I learned something today

I've been an inveterate Warren Harding basher for as long as I've been politically aware. The man who let Teapot Dome happen under his nose wasn't worth my admiration, I thought.

I'm a little confused after having read this article, however, which paints a picture of Harding utterly unlike those I've seen before. The article analyzes Harding's handling of the Depression of 1920. I know -- I hadn't heard of it, either.

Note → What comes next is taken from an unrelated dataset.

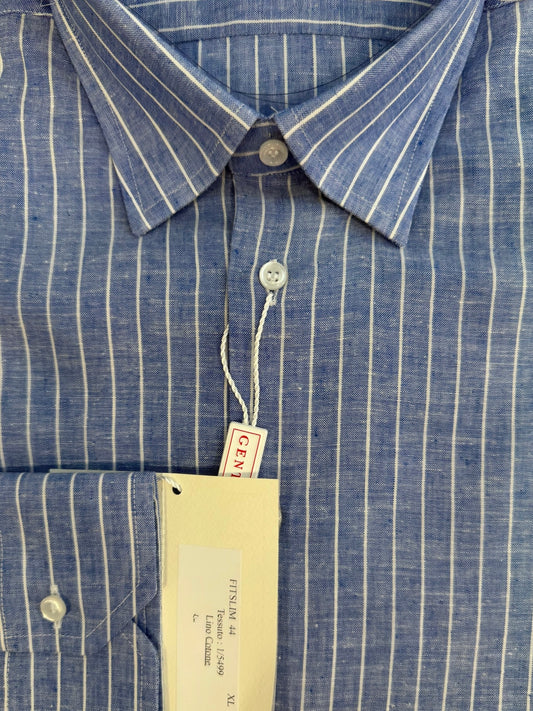 Lino cotone riga fondo azzurro 5499 collo ITALIANO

Turns out there was a massive economic downturn after WWI, as the country ratcheted down from wartime production levels and the Fed raised rates from abnormally low wartime levels. According to this account, the contraction was worse even than the one we're currently experiencing. Harding's response? Do nothing. I'd ordinarily think that response the result of his ignorance and indolence, but the man's own words don't allow that impression.
“I would be blind to the responsibilities that mark this fateful hour if I did not caution the wage-earners of America that mounting wages and decreased production can lead only to industrial and economic ruin.”
Pure, clear reason.

And later, condemning inflation,
“Gross expansion of currency and credit have depreciated the dollar just as expansion and inflation have discredited the coins of the world. We inflated in haste, we must deflate in deliberation. We debased the dollar in reckless finance, we must restore in honesty.”
If only our current leaders had a tenth of the honesty and forthright courage evidenced in these words.

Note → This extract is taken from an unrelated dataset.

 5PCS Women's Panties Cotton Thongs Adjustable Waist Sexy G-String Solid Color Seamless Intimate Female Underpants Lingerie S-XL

And this, which is by far the most impressive quote included in this article, regarding the nature of the rough recovery,
All the penalties will not be light, nor evenly distributed. There is no way of making them so. There is no instant step from disorder to order. We must face a condition of grim reality, charge off our losses and start afresh. It is the oldest lesson of civilization. … No altered system will work a miracle. Any wild experiment will only add to the confusion. Our best assurance lies in efficient administration of our proven system.
No man who talked like that could be the sham of a president that I've been led to believe Harding was. The Teapot Dome scandal was terrible, but it seems that there's more to Warren G. Harding than his woefully inadequate oversight of the management of the Wyoming oil fields.

If these quotes at all reflect the mind and perspective of Warren Harding, I would MUCH rather he were my president now than Barack "We're all in this together -- well, except for the rich, who have to pay for everyone else" Obama.